Now imagine that this code runs on a very slow computer and more than a minute is gone between the execution of the two functions, and you've got a corrupted timezone. So, it doesn't really work.
To make it work we can use a timestamp. Python can parse POSIX timestamp into datetime objects. We can use fromtimestamp
to get the local datetime from a timestamp and utcfromtimestamp
to get the UTC datetime from the same timestamp, then substract the two, which, this time, will represent the exact same instant:
TIMESTAMP = 42
dt_utc = datetime.utcfromtimestamp(TIMESTAMP)

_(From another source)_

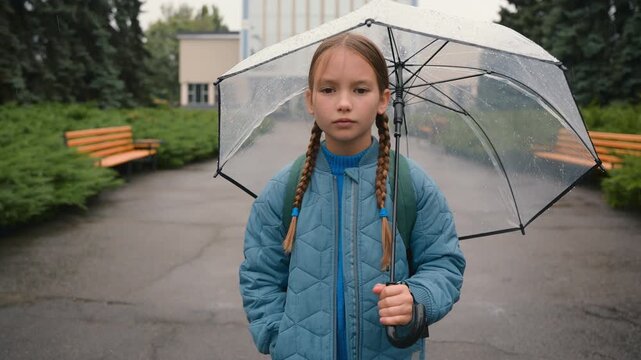 Sad Caucasian little school girl holding umbrella checking rain protecting from wet weather fall autumn seasons daughter schoolgirl child kid upset with parasol in city meteorology seasonal problem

dt_local = datetime.fromtimestamp(TIMESTAMP)
diff = dt_local - dt_utc
local_timezone = timezone(diff)
Well, to be perfectly honnest, I'm still not absolutely convinced that this would work 100% of the time. Depending on the implementation of the fromtimestamps
methods, there may exist edge cases causing trouble some times. I don't know. At the end of the day, the true way to get the timezone is to look at the operating system's specific configuration file containing such information, which is set by the user when it installs the operating system. This is what the tzlocal
module does by the way. Python probably does it too when it does anything UTC.